La piedra, el sacrificio y las huelgas
Al comenzar el nuevo siglo la piedra se había convertido en la fuerza económica de la ciudad, pero la tensión era insoportable. “Es cuando Luis Nelli, un carpintero curiosamente contratado por un dueño de canteras, sacude el escenario -advierte Pagola-. La cosa era tan desmedida que llegó a haber hombres armados para no dejar salir a los trabajadores. Como Nelli había tenido formación política y sindical en Italia, él y un tal Pascucci son los que organizan los reclamos”.
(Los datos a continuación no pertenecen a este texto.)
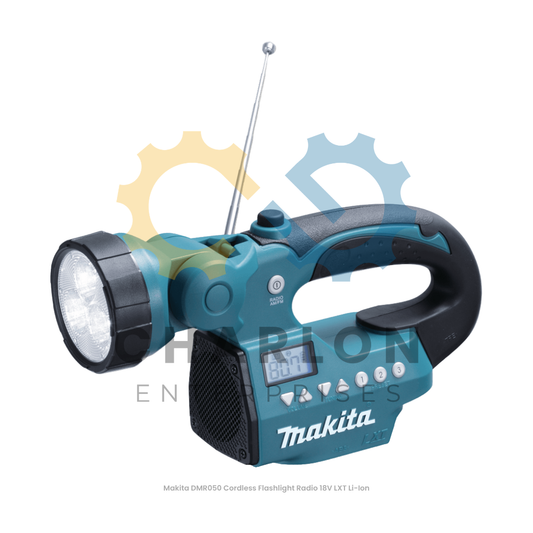 Makita DMR050 Cordless Flashlight Radio 18V LXT Li-Ion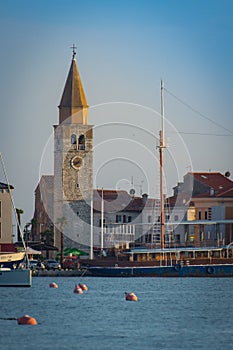 Church of the Assumption of the Blessed Virgin Mary In Umag Croatia Adritic sea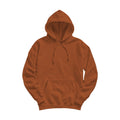 Brick Relaxed Fit Unisex Hoodie Mockup | High Resolution JPG | POD Mockup Template | Commercial Use Download | MockupBulk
Se trata de la gran huelga de 1908-09, con un joven sindicato al frente. Tras ocho meses y al límite de la resistencia, consiguieron jornadas más cortas, cobrar en efectivo y que se les reconociera la propiedad de las casas. Pero derribar los alambrados y recibir el domingo para el descanso, tal vez haya sintetizado la idea de libertad más plena que hayan conocido. “La inmensa fuerza muscular que polemizaba con la piedra, quedaba ociosa una jornada entera, y buscaba cauces en el cultivo de la huerta, la caza, las bochas, los naipes. El alcohol acrecentaba los bríos. A medida que avanzaban las horas, se estimulaban desafíos: uno apostaba que llevaría cinco bolsas de cal cien metros cuesta arriba. Otro, que cargaría al hombro un durmiente del ferrocarril”, recuerda Nario, como simpáticas ocurrencias y contracara de una labor permanentemente expuesta al sacrificio y la muerte.
“Cuentan los abuelos que cuando bajaban de la cantera por la calle Quintana, se sentía la vibración. Los comercios estaban chochos, porque gastaban toda la plata”, aporta Jorge Ceschini, miembro de la Asociación de Guías y conocedor de la historia de los Conti, unos de los dueños que supo tener la cantera La Movediza.
Él, junto a Palahi, sostienen una teoría difundida en Tandil: “Es posible que la caída de la Piedra Movediza haya sido adrede. Esa cantera fue pública un largo período, cuando surgió un turismo de salud como en Córdoba. Muchas personas con trastornos respiratorios empezaron a venir, pero al llegar se encontraban con padre, madre, hijos y todo familiar picapedrero que pudiese manipular un cincel, porque aprovechaban la jornada libre para hacer extras”. La Movediza se cayó un sábado de 1912 después de las 17 horas, y el atractivo turístico dejó de convocar visitantes y quedó libre para el trabajo. “Yo no sé si habrán tirado la piedra o no. Lo que mi viejo sí contaba era sobre las huelgas. Después de esa bien brava, hubo otras. A él le encantaba laburar, y no faltaba nunca. Pero eran muy unidos ellos, y si había que parar, paraba”, recuerda Gabriel.
Las mejoras duraron un tiempo, sin embargo, con la irrupción de la maquinaria y la tecnificación, muchos canteristas migraron a Mar del Plata a trabajar la piedra blanca. De a poco, los ligantes, el hormigón y el asfalto provocaron la caída de la demanda de adoquines de manera sustancial. Hacia 1940-1950, muchas canteras cerraron, y la industria giró a la producción de roca para concreto, o como balastro, la piedra que sostiene los durmientes de las vías, y sirve de filtrante para que el agua drene y la madera no se pudra. La conciencia ambiental y la contaminación sonora de una ciudad ya residencial, terminó por impulsar un área de protección, que años más tarde preservaría el perímetro entre las rutas 74, 226 y 30. Pese a ello, unos 30 kilómetros pasando el cerro Leones, los camiones desfilan aún sus cajas cargadas de sierras tandilenses molidas.